Give an unaltered copy of the listing below, minus its pictures.

BEGIN SOURCE DATA

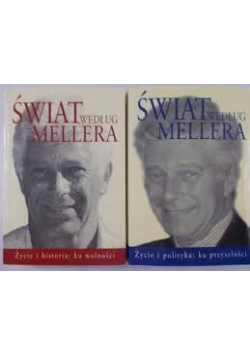 Świat według Mellera,zestaw 2 książek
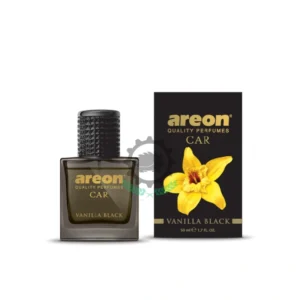 AREON - Vanila Black parfem za auto 50ml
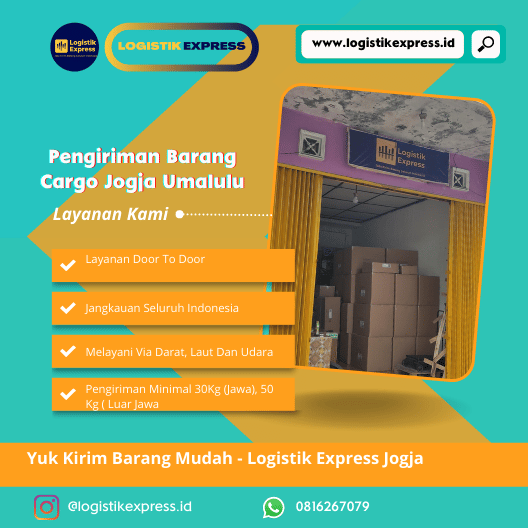 Cargo Jogja Umalulu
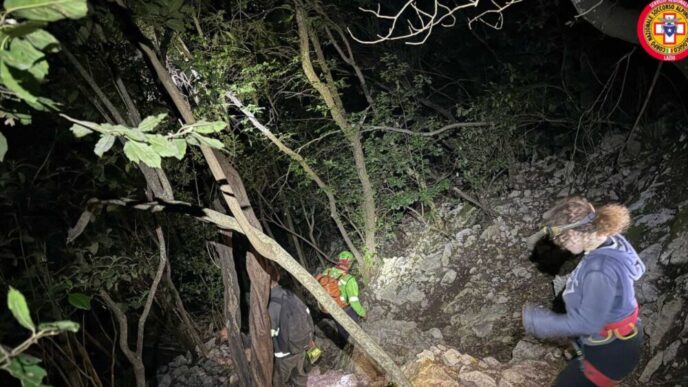 San Felice Circeo Limita Gli A
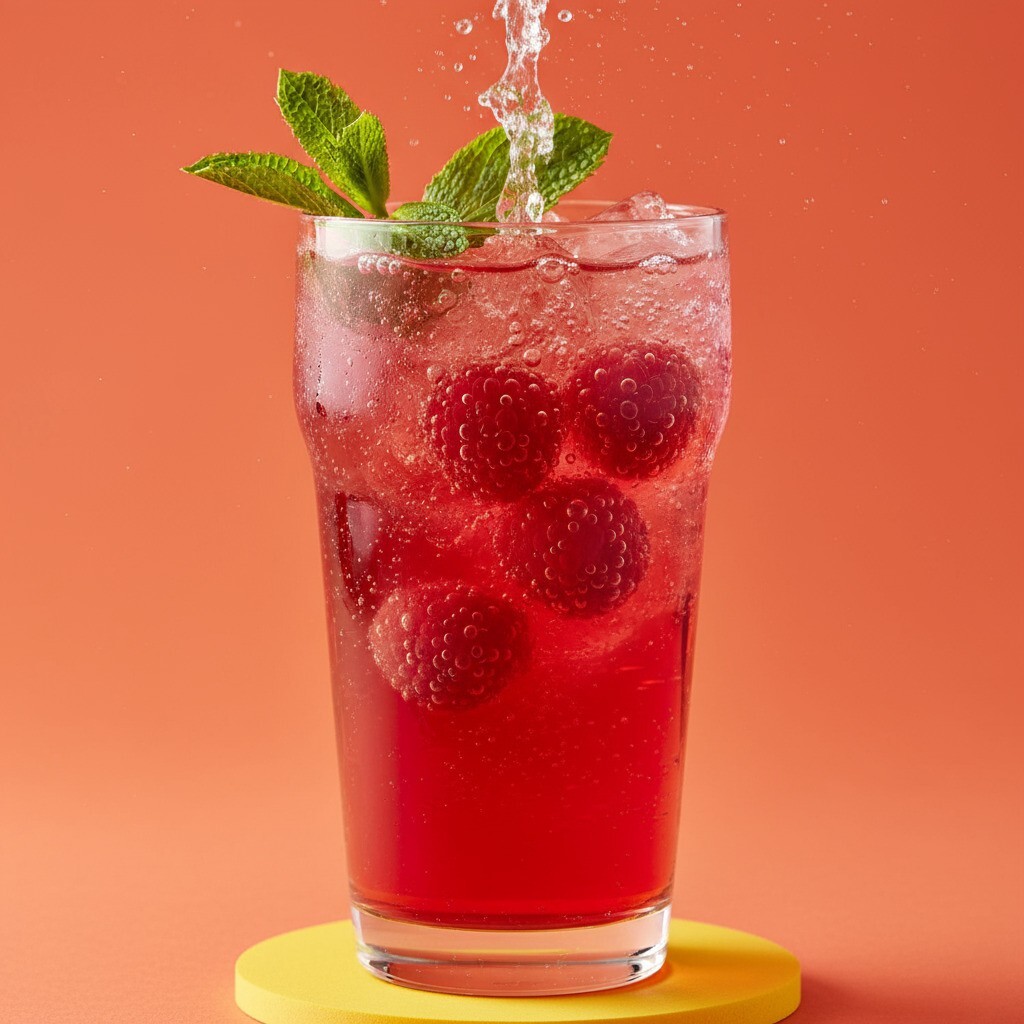 Berry Hibiscus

END SOURCE DATA

* **ANSWER BELOW**
 Świat według Mellera,zestaw 2 książek
 AREON - Vanila Black parfem za auto 50ml
 Cargo Jogja Umalulu
 San Felice Circeo Limita Gli A
 Berry Hibiscus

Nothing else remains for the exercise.